I do like seeing “Inception” on there as best picture. It won’t win — my God, would it be an upset of it did! But it’s the sort of film that gets people in a lather of frustration, and it’s, at best, a science-fiction action film tarted up with a big budget and some ingeniously dense — and probably nonsensical — plotting. It does the Academy good to put one of these on the ballot every few years, just to remind us that it doesn’t completely ignore genre filmmaking. Some of you are about to mention “True Grit,” which is up for a bunch of statuettes but is an oater. But the western turned into a prestige category sometime back in the ’50s, and nowadays almost all westerns that are made are Oscar contenders.
 
What was overlooked? Quite a lot. The documentary “Marwencol” went unnoticed. “I Am Love” was overlooked for all but costume design. “Carlos” is completely ignored. And while Michelle Williams is up for a best actress award for “Blue Valentine,” the film was otherwise shut out. It’s easy to make a list like this, as there is so much that escapes the Academy’s notice. I suspect this year’s epochal film will be Gaspar Noé‘s  “Enter the Void.” What was it nominated for? Nothing.
 
I’d also like to register my complaint, here and now, that Mark Wahlberg isn’t up for an Oscar for best actor for his work in “The Fighter.” Christian Bale got noticed — he netted a well-deserved best supporting actor nod. But his character, Dicky Eklund, is showy and drug-addicted, which the Academy always favors. Wahlberg’s character in the film, in the meanwhile, is mostly defined by physical action. He is slow to speak, but he’s in every scene, observing and evaluating, and, when he enters the boxing ring, he’s equally cautious. As a fighter, Wahlberg’s character is slow to start, and capable of taking enormous abuse as he figures things out, but, when he rises to action, devastating — just as he is everywhere else.

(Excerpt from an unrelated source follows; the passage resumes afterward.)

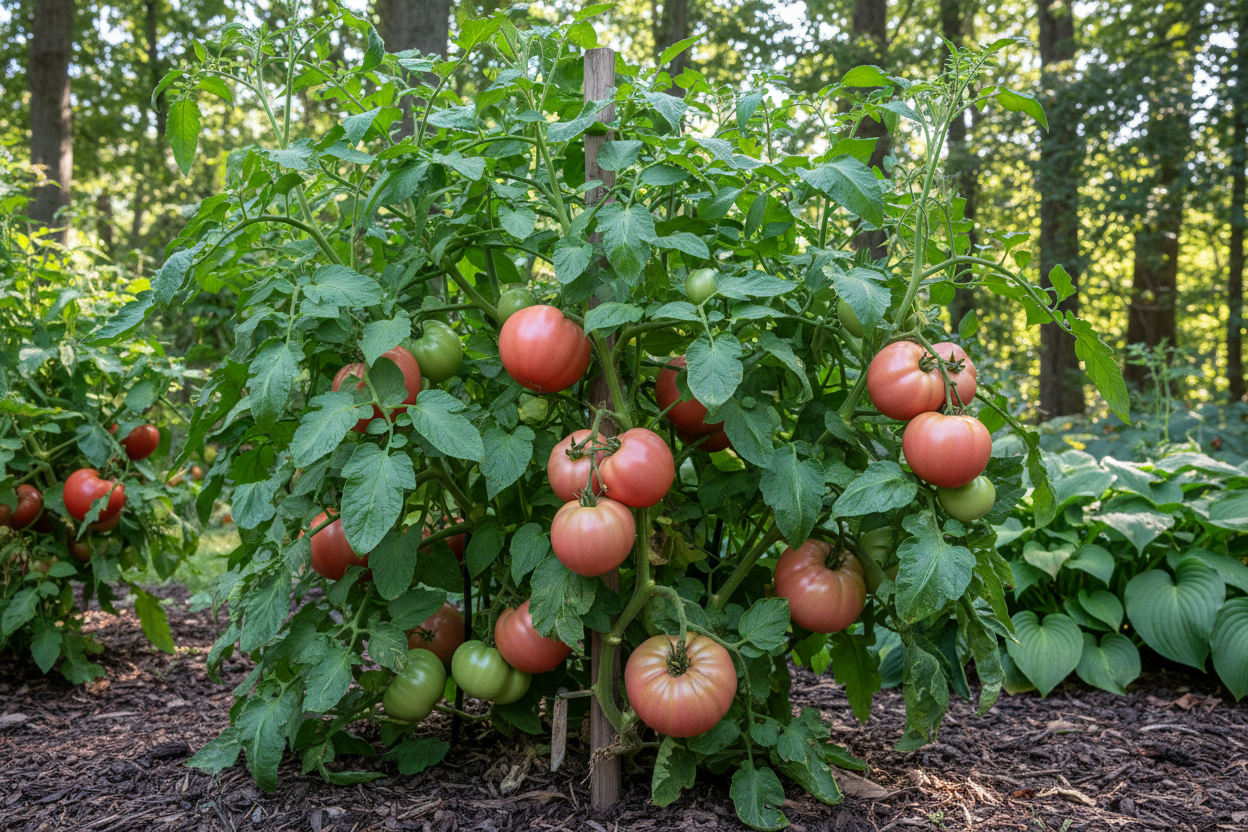 Bread & Salt (Ox Heart Pink) Tomato Plant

As Wahlberg is already a muscular fellow, it’s easy to mistake his performance in the film for offering nothing but the spectacle of the actor standing around with his shirt off. But, instead, Wahlberg offers up something more. He expresses his character almost entirely through his physciality, making it a metaphor for the entire film. I suspect his performance was overlooked for two reasons — firstly, because he’s the former Marky Mark, and Hollywood apparently hasn’t noticed just how much excellent film work he’s done. And, secondly, as I mentioned, the Academy is spectactularly bad at knowing art when it sees it.